“But it is good for me to draw near to God; I have put my trust in the Lord God that I many declare all thy works.”
I sat at the counter listening to my friend share her heart. Kids ran around at our feet, the smell of baking still lingered in the air (she made banana bread… I know!), and we simply sat at her kitchen counter and talked. She spoke with the sort of open honesty that only comes from a heart that loves the Lord. A heart that has walked through valleys and over mountain tops and been led through it all by the hand of her savior. It was encouraging and inspiring. It was beautiful.
In the midst of our conversation, she said something that has been lingering in my mind ever sense. She said that years ago, in the midst of a time of transition and change, her and her husband felt like the Lord spoke to their hearts. He basically said to them, “draw near to me because where I am going to lead you is somewhere you have never been.”
Draw near. Pull in. Stay close.
Something about that resonated within me. Maybe it’s because things feel a bit unknown right now. Maybe it’s because so many things in my life are in a time of transition. Or perhaps it’s just the very idea, the reminder, to pull in close to the Lord. Whatever it is, perhaps all of the above, the Lord has been using that little thought to encourage my heart. You see I don’t know where I’m going. I don’t know what the future holds, but He does. He’s been there. He knows the path, with all its pitfalls and twists, as well as all its magnificent views and breathtaking sights. He knows and he wants to lead the way.

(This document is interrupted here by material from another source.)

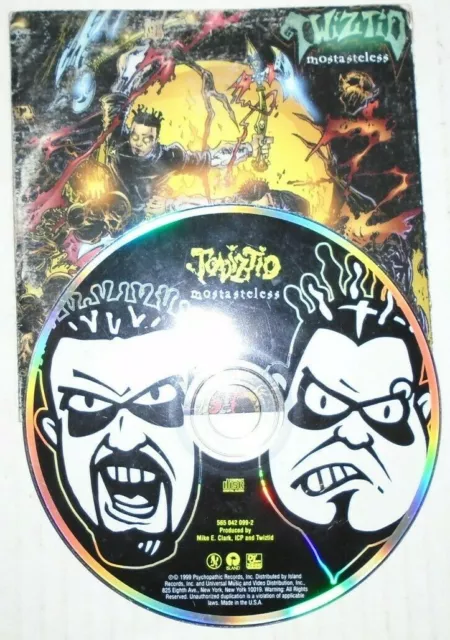 Twiztid Mostasteless CD 1999 Psychopathic Records MNE Majik Ninja juggalo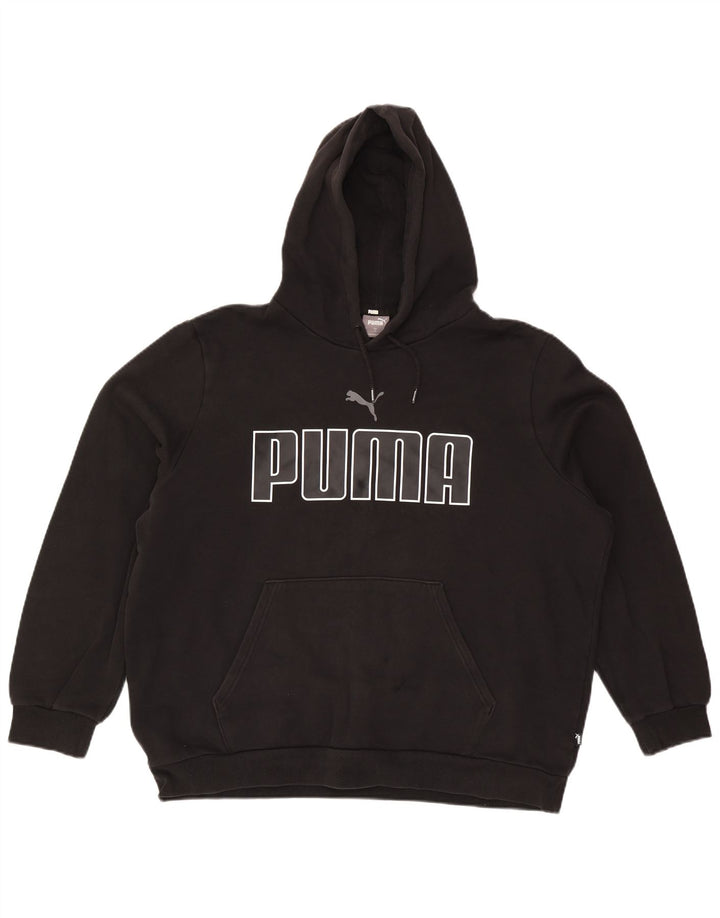 Puma Pull à Capuche Graphic Homme Noir XL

The thing is, I know that God is in control. I know that he holds my days in his hands and that he has gone before me. I know those things, and yet it can be so hard to live like that in the midst of the day-to-day, especially when things are hard. I want a roadmap. I want a detailed, turn by turn, description of what’s up ahead. But he doesn’t give us that. He gives us something better. He gives us Himself.

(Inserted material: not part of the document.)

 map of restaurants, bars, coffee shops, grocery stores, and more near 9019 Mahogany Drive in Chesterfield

In Psalm 73, the psalmist is struggling with questions, specifically, the question of why evil people prosper. He’s frustrated and confused and feels all alone. He feels forgotten. But then! Then he remembers that God is good. Listen to what he does next, “But when I thought how to understand this, it seemed a wearisome task, until I went into the sanctuary of God…” Psalm 73:16-17a. He goes to God, he draws near, and seeks His presence.

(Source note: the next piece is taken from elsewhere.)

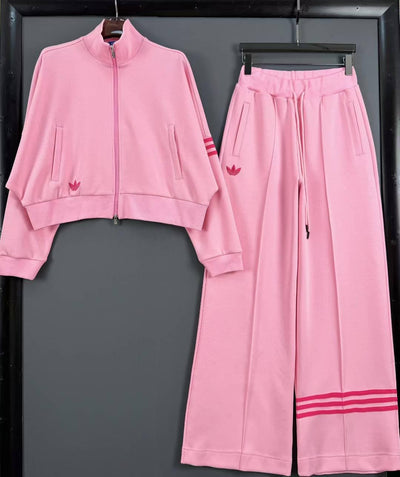 Urban Luxe – Wide-Leg Tracksuit Set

I think it’s really interesting, and accurate, that he first tried to understand things on his own. He wanted answers and did what we all do, he tried to find them himself. He looked to his own understanding and experiences and knowledge. But he couldn’t find the answers he needed. He says trying that way was wearisome. It drained him of his energy and, I imagine, his joy. And I have been there.
So many times in my life I have been there, sitting in confusion, trying to understand what God is doing, trying to figure it out on my own rather than actually asking him. I observe my situation, I draw conclusions, I form opinions, I make predictions all with the hope of knowing what’s going on and where I’m headed. I talk to friends, read books, dwell on my situation, but I forget to do the only thing that matters. I forget to actually turn to God. I forget to draw near.
The psalmist learned something that God has been teaching me lately; that no matter how confusing things appear, he alone can guide us through this life because He alone knows what is up ahead. What’s more, he wants to guide us. He longs for us to pull close to him, to take his hand, and let him lead us on. It’s the lesson my friend and her husband learned. It’s the idea of drawing close.
The passage goes on and says, “Nevertheless, I am continually with you; you hold my right hand. You guide me with your counsel, and afterward you will receive me to glory,” Psalm 73:23. The psalmist didn’t get all the answers he wanted. He didn’t get his long explanation or his road map. But he found something better, he found the Lord. He no longer needed detailed plans because he was with his savior and the Lord was guiding him every step of the way. Roadmaps only give instructions, God is offering to take us by the hand and lead us.
He drew near. And God is inviting us to do the same.
I need that. I need to know and believe in my heart that God is there, ready to lead the way. I need to do what the psalmist did and draw near, enter into his presence, and let him speak tender words to my heart. I want I map, but more than that, I want Him. And the beautiful thing is that God wants that for me too.
There are so many things that I don’t understand right now. So many things that are unsettling or even scary. But I am being reminded that God is my rock, my safety, and my guide. I don’t know where this path is leading, but he does so I will draw near to him. I will hold his hand, I will step where he steps, and I will follow him into the future.